Recently, Durov made waves by publicly refusing to share personal data of VKontakte users with the Russian Security Service, in particular details of people involved in organizing the Ukrainian protest movement that led to a coup in February.

“Our response has been and remains a categorical refusal – Russian jurisdiction does not extend to Ukrainian users of VKontakte,” Durov wrote at the time. “Giving personal details of Ukrainians to Russian authorities would not only be against the law, but also a betrayal of all those millions of people in Ukraine who have trusted us.”

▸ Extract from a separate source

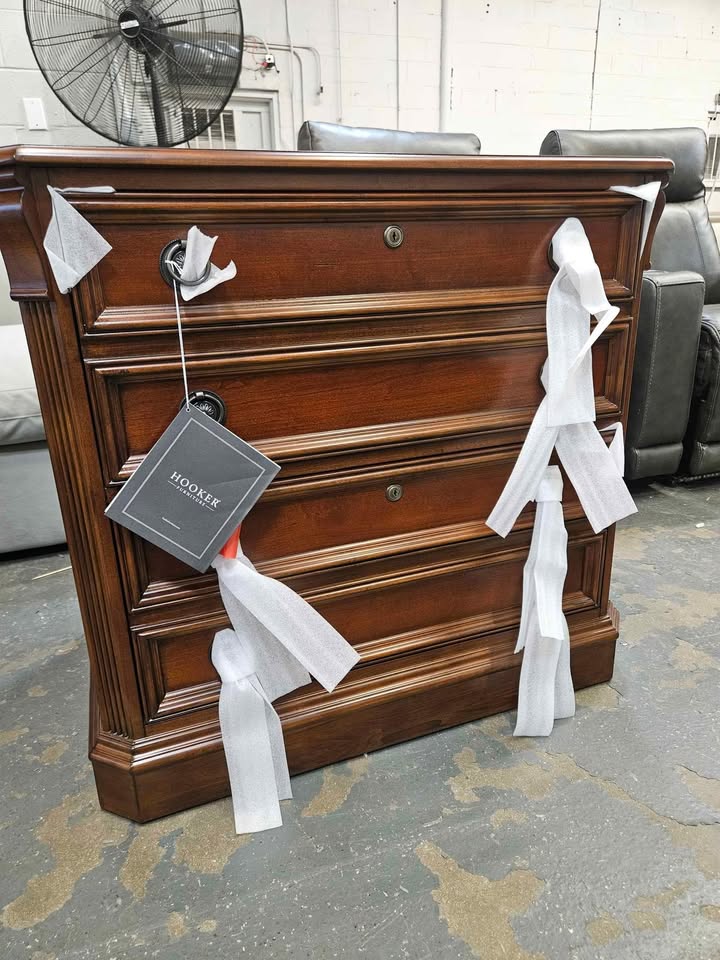 Hooker Furniture Home Office Brookhaven Lateral File Cabinet - Image 5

Durov founded VKontakte in 2006 with an interface similar to Facebook. It became Russia’s leading social network and now has over 61 million active users in Russia and over 100 million worldwide. It is ahead of its rival, Odnoklassniki, which has 54 million Russian users, according to researcher ComScore. Facebook has 13 million users in Russia.

The social network became hugely popular among Russian speakers for its virtually unlimited access to videos and music freely uploaded by other users, which often infringes on international copyrights.

Durov is an enigmatic figure and a successful entrepreneur who has largely managed to stay away from the public eye, despite occasional gestures such as throwing paper airplanes made of money out the window of the VKontakte offices in St Petersburg. Last year, he was accused of running over a policeman and even had his home and office searched.

VKontakte is now controlled by billionaire Alisher Usmanov's Mail Group, which holds 52 percent of the company shares. The remaining 48 percent is controlled by investment group United Capital Partners.